Are we really talking about what is best for kids?
Client Population
If we assume that we help all of our clients achieve perfection
as defined by their own standards and our own, and there is no
benefit to the community or the costs exceed the benefit - do
we stop what we are doing? What is your life's greatest good?
Continuing our review of the key questions, I wonder whether
there is not an initial question before you determine your share
of the market, and that is what is the universe of people with
problems in living of the type you serve? How many children with
problems in living exist within your potential clientele? If you
are defined by geographic area - how many children between proper
ages exist at any given moment and of these, how many have been
identified as delinquent, mentally "ill", dependent
or otherwise labeled as having problems with significant parts
of living? If the second is delineated as a percentage of the
first - 03%, how many of the 03% do you serve?

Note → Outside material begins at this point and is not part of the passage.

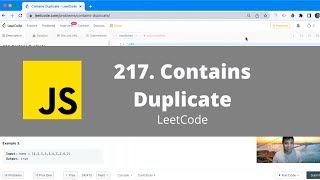 217 Contains Duplicate - LeetCode JavaScript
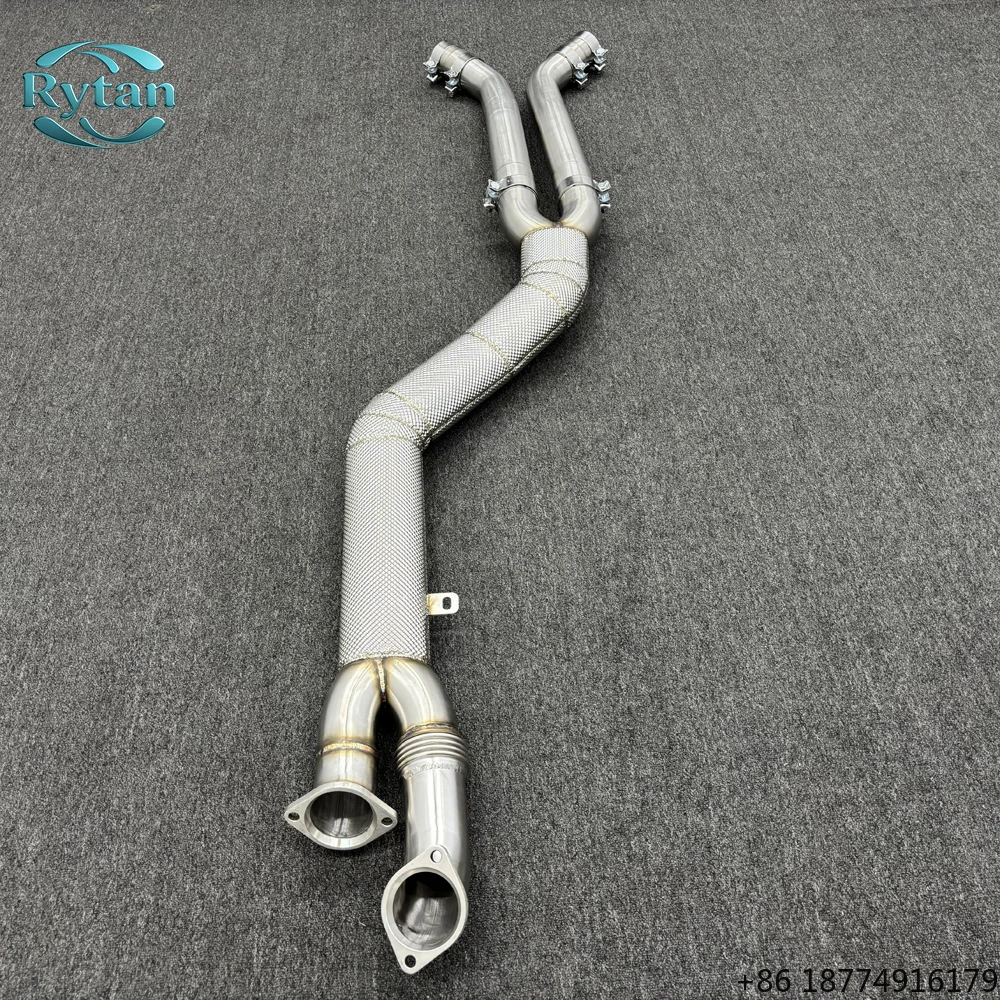 

Exhaust Pipe Valved High Quality Stainless Steel Valvetronic Exhaust System Midpipe for G87 M2 102MM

This is important because you want to impact on the social problems,
not just individual clients. A social benefit which is not mentioned
in the training manual is that if you are able to help clients
achieve a level of social competence which is above present functioning,
they will impact on other people who could become clients. Thus
even though you serve only 50% of the 03% with problems in living,
you should be able to have an impact on more than 01.5% over time.
It is also critical to ask the sub-question listed in number one
- When does a person become labeled as having problems in living.
Human services operate responsively since there is no money for
prevention. However, by becoming clear about the thresholds for
official entry into the humans service system, you may be able
to identify behavioral difficulties that lead up to this threshold.
Here is where we separate human services from business. Human
Service mangers have no need to reduce their percentage of the
market, they want to reduce the market! If we could reduce the
03% of children who have problems in living, we are, in fact,
reducing the need for our services. Critical question - is this
you mission?
If this is you mission, the data you accumulate over time may be
used to change public policy rather than to justify what you do.
What you do may in fact, be unjustifiable in regard to the greater
good. If you are consciously aware that what you are doing can be
compared to applying a Band-Aid after the wound is created; but
have the capacity to avoid the wound - how do you justify Band-Aids?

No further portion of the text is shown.